Acanthamoeba Keratitis (AK) is a protozoal ocular infection, which can have a major impact on both vision and quality of life. AK is seen most often in contact lens wearers or patients with exposure to contaminated water. It is considered a rare infection and is included in the Orphanet database with an estimated prevalence of 1–9/100,000.1,2 Nevertheless, the potential visual and ocular devastation it can cause makes AK worthwhile to discuss as it can lead to debilitating vision loss if not considered in a differential diagnosis.
In ophthalmology practice, AK’s clinical presentation often manifests as intense pain out of proportion to exam findings; it may also present with a late onset stromal ring-shaped infiltrate.1 Patients can also experience tearing, photophobia, epithelial defect, and lid edema. However, stereotypical signs and symptoms may not be present in early disease. A high index of suspicion is necessary to identify Acanthamoeba keratitis early enough to successfully manage.
Due to symptomatic similarities with viral and bacterial keratitis, early diagnosis of AK has been historically evasive. In fact, early stage AK is frequently mistaken for herpes simplex keratitis with similar symptoms that include pain, photophobia, and watery eyes.3 Oftentimes this will delay diagnosis and potentially worsen visual prognosis.

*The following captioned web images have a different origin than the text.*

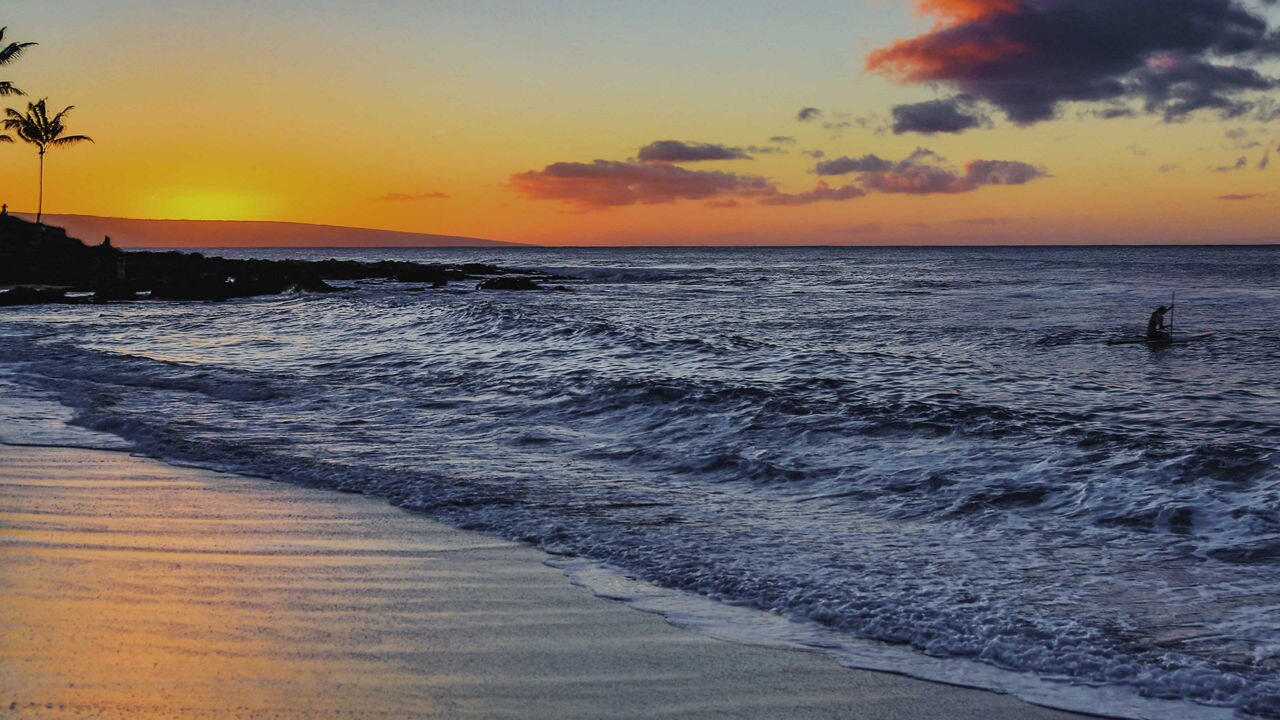 sunset view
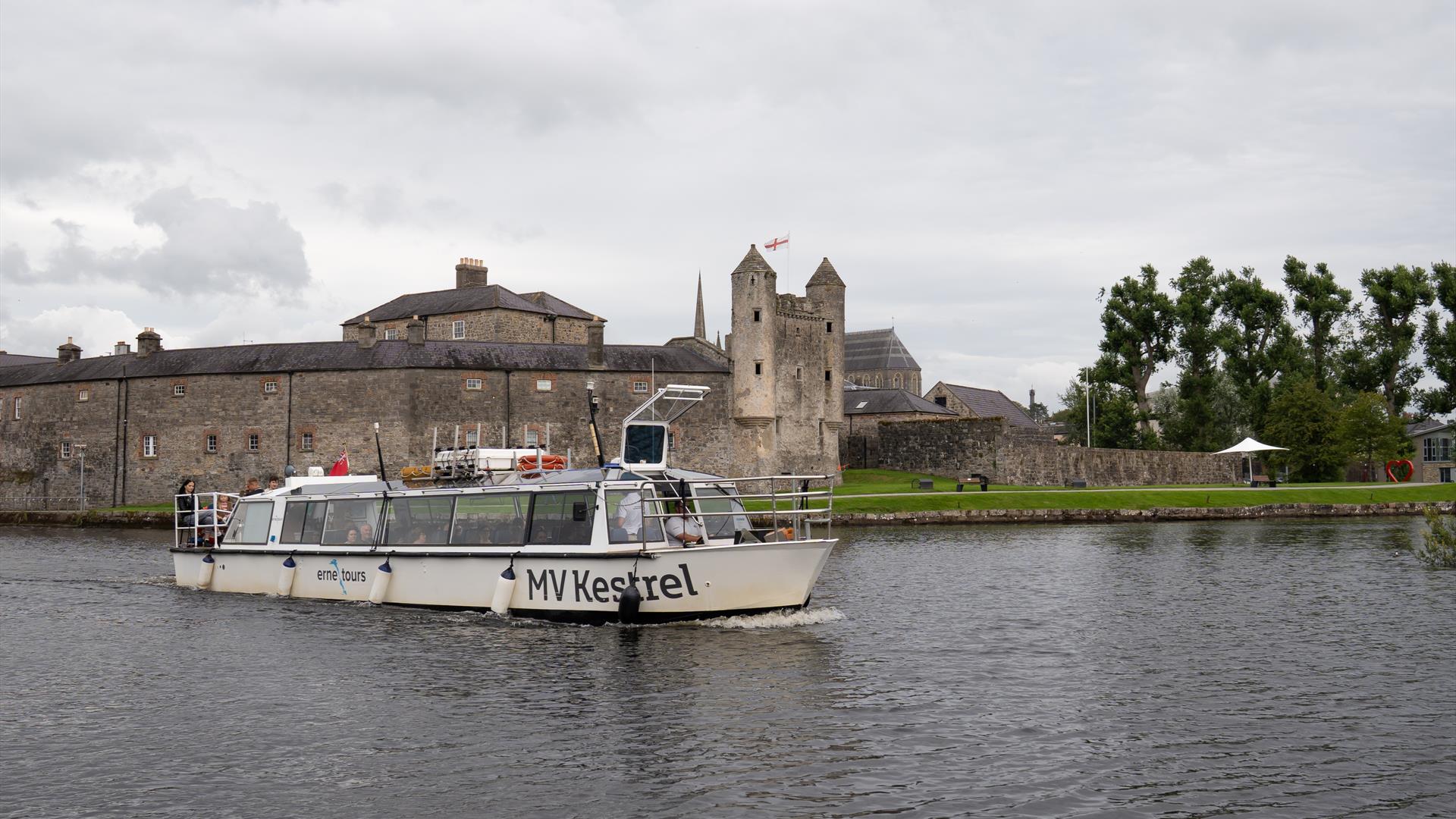Erne Tours - MV Kestrel
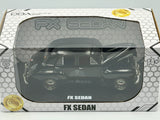 1:24 Holden FX 48/215 Sedan -- Black -- DDA Collectibles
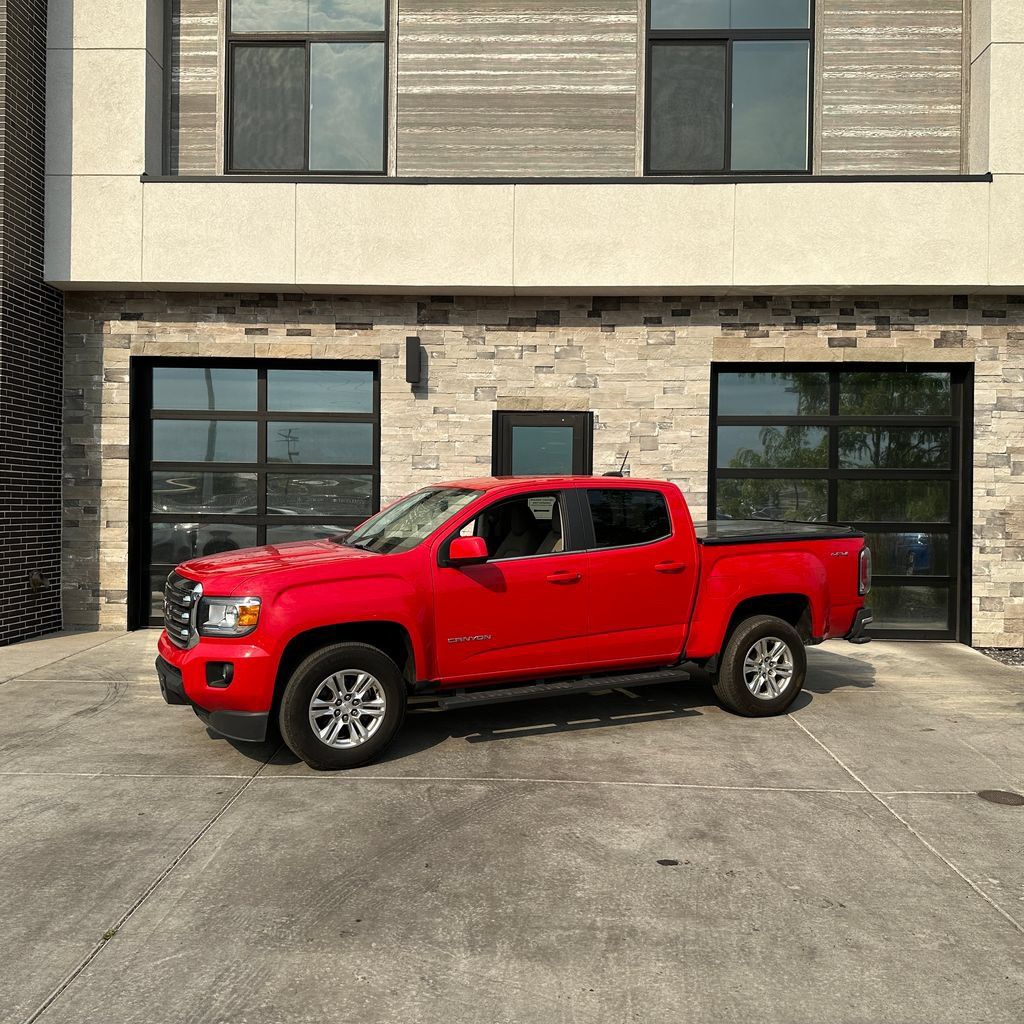 Used 2019 GMC Canyon SLE w/ SLE Convenience Package AWD/4WD image 7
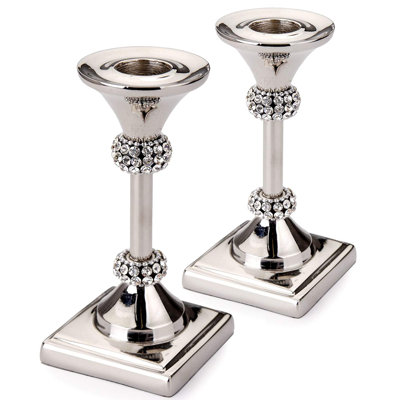 5.5'' H Metal Tabletop Candlestick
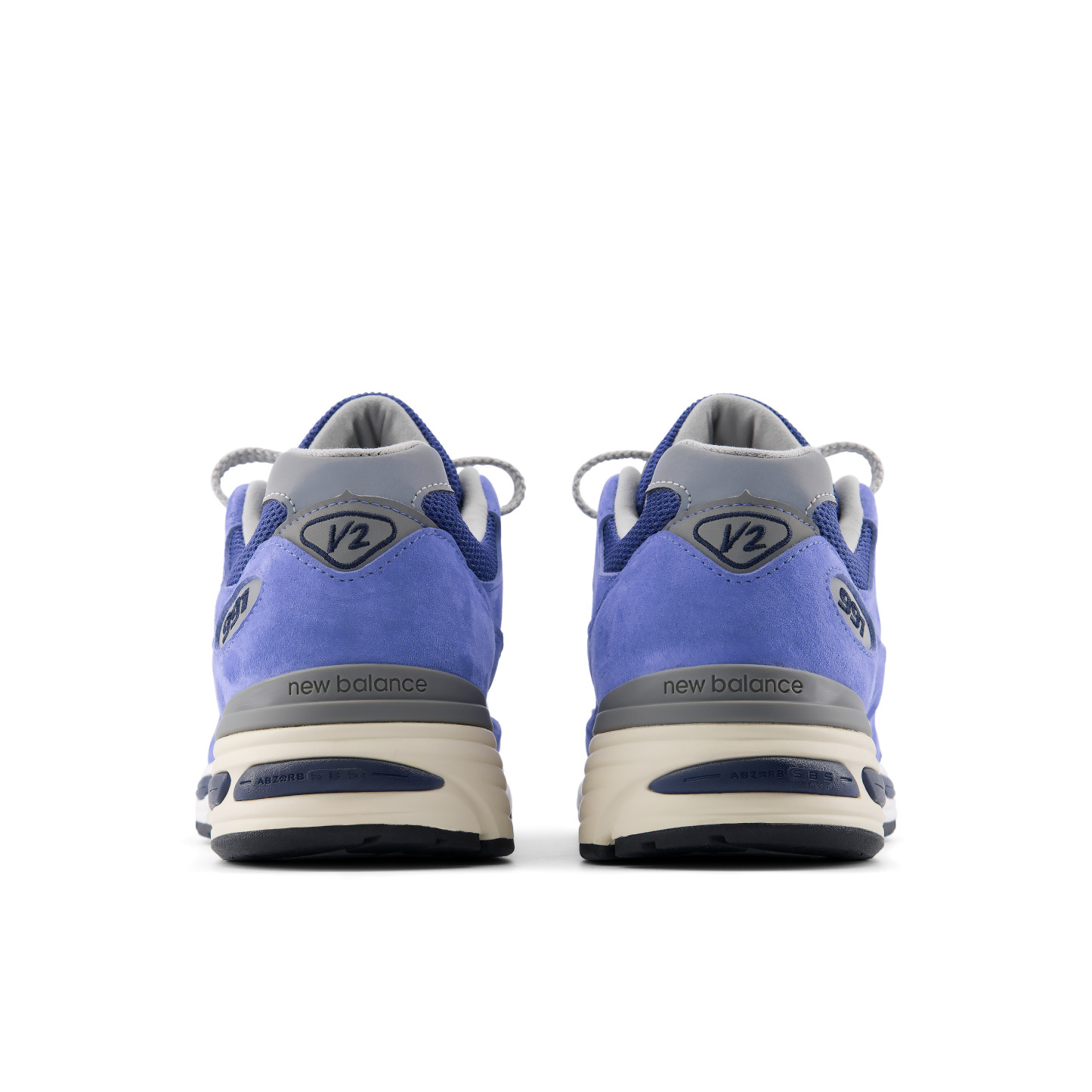 New Balance 991v2 Mavi Unisex Günlük Giyim U991WB2 - Mavi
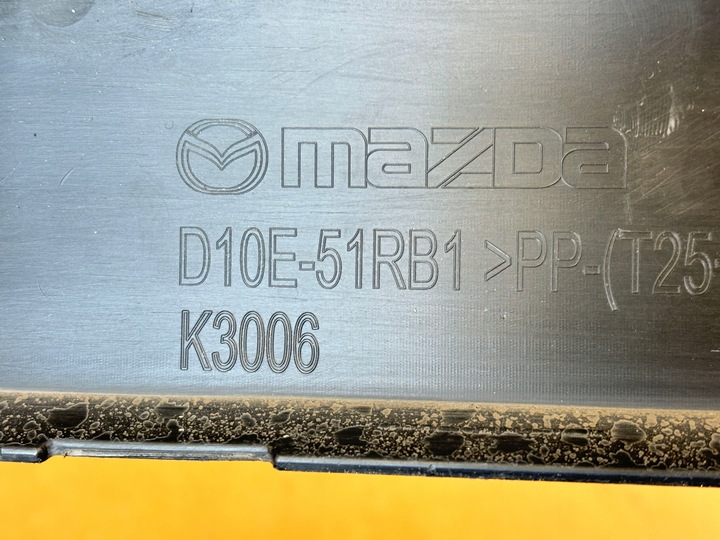 фото №6, Планка защита дверь правая перед передняя mazda cx3 cx-3 15-19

The virulence factors for AK include production of proteases that assist the protozoa in degrading the corneal stroma and damaging deeper corneal tissues.1 In later stage disease, the amoeba will infiltrate the stroma and possibly surrounding tissue (i.e. sclera, episclera) and subsequently make treatment and organism eradication more difficult.1 Additionally, delayed diagnosis usually contributes to a low cure rate. The resistant cyst stage of Acanthamoeba also adds to the challenging nature of AK.1 The cysts are able to survive under adverse environments, whether it be nutrient deficiency or exposure to noxious chemicals or systems.1 Therefore, even extended treatment with anti-acanthamoeba therapies can give a false sense of security of ‘curing’ the condition and can lead to an unpleasant surprise to the clinician upon cessation of therapy.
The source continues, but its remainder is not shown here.